不器用上司のアメとムチ

佐々木が扉をノックすると、「はい」と森永さんの小さな声が聞こえた。


そして二人で部屋に入るとすぐに、痛々しい久我さんの姿がいやでも目に入った。


頭と……そして片方だけ布団から出ている手が、包帯でぐるぐる巻きだ。

片目には眼帯をしていて、そんな場所まで傷ついたのかと思うと胸が締め付けられるように痛くなる。

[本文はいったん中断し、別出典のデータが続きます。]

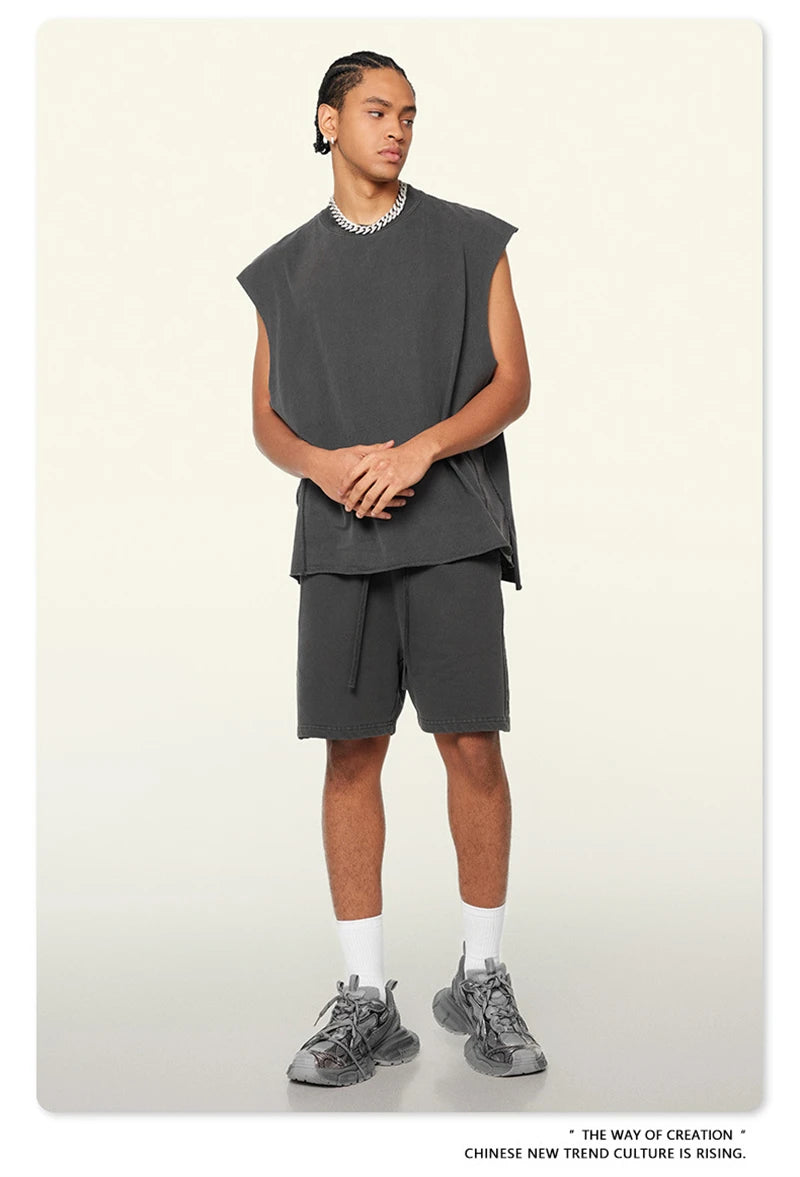 ZODF Vintage 2024 Washed 270gsm Cotton Tank Tops For Men Unisex Summer Relax Fit Slit Sleeveless Vest Streetwears HY0777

けれどちゃんと治療がしてあるし、布団が規則的に上下していたから……
生きてるってことだけは確認できて、少しだけ救われた。


「今……どういう状態、なんですか……?」


あたしは、ベッドの脇のパイプ椅子にうつむいて座る森永さんに、声を掛けた。


「命に別状はないらしいけど……意識が戻らなくて」

「でも、待ってれば必ず目が覚めますよね……?」

「それが……先生もわからないっていうの……」


――――そんな。

ぎゅっと拳を握って久我さんを見つめていると、森永さんが立ち上がりあたしに席を譲った。


「こういう時……大切な人の呼びかけで奇跡的に目が覚めることがあるらしいの」

「え……?」

「私……あなたにはそれができるんじゃないかって思う」


そう言って私の肩を抱き、椅子に座るよう促す。

扉の前で立ったままだった佐々木の方を見つめてみると、彼は優しく微笑んで言った。


「俺ら、とりあえず外出てるから……なんかあったら、呼んで」


そうして森永さんと二人、病室から出て行ってしまった。


……大切な人の、呼びかけ。


あたしはゆっくり視線を部屋の中に戻して、傷だらけの久我さんを見つめた。